Friday, May 2, 2008

Flan Patissier


This is a pastry I have yet to find in the United States. It's pretty much amazing. Flaky pastry filled with a pastry cream and baked until firm and caramelized on top. Yum! French patisseries consider this a standard in their display windows and I just can't figure out why we haven't caught on. That just means I have to make it myself, which isn't so bad because then you have the whole Flan rather than just a piece. It's best cold but we rarely wait that long, assuming we'll be able to eat it cold several times in the days to follow.

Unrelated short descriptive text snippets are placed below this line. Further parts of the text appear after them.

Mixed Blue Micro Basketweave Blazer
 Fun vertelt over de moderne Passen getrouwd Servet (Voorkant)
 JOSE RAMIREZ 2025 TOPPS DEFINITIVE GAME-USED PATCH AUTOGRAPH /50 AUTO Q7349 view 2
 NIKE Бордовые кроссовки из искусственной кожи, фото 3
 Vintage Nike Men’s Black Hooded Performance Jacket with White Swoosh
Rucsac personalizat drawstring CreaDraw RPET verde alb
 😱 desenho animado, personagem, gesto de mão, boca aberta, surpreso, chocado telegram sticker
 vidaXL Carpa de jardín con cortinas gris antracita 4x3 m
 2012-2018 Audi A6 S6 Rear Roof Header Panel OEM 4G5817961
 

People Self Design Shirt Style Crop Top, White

The recipe is in metric units since it is a French recipe so it's helpful to have a scale.
Flan Patissier
For the pate brisee(crust):
250 g flour
5 g sea salt
40 g sugar
125 g unsalted butter
1 egg yolk
5 cl room temp water
Mix the flour, salt, and sugar in a bowl. Cut the butter into the dry ingredients until crumb-like.
Mix the water and yolk and add to the flour/butter mixture to form the dough. (I usually have to add a bit more water to make the dough come together). Wrap and refrigerate 30 min.
For the creme patissiere (pastry cream):
3 eggs
150 g sugar
70 g corn starch
2 tsp. vanilla
15 cl heavy cream
60 cl. whole milk
Whisk the eggs and half of the sugar (75 g) and stop before the eggs whiten. Sift the corn starch into the bowl and add the vanilla and the cream. Heat the milk and the rest of the sugar until just boiling. Remove from heat. Add a couple ladles of the hot liquid to the egg mixture while whisking to temper the eggs. While whisking, add the tempered egg mixture back into the hot milk. Replace on the stove at medium heat and stir continuously until the cream just begins to thicken. Remove from the heat and pour into a glass or stainless steel bowl to cool a bit.
Preheat the oven to 375 degrees .
Roll out the dough and lay in greased and floured spring-form pan. Pour in the pastry cream and bake 20 minutes. Raise the oven to 400 degrees and continue baking another 10 minutes. If the top doesn't brown on it's own I usually turn the broiler on at the end of baking to make sure the top gets caramelized.
Let cool and then refrigerate...if you can wait that long.

2 comments:

Nancy said...

This looks divine, Emily! I will have to try this one!

Anonymous said...

Marvellous Emily !
You are great ! And I know long about the pastries !!!
These last years, I've been testing all kind of "Flan patissier" in France. And I know where are some of the best. I'm impatient to try your recipe.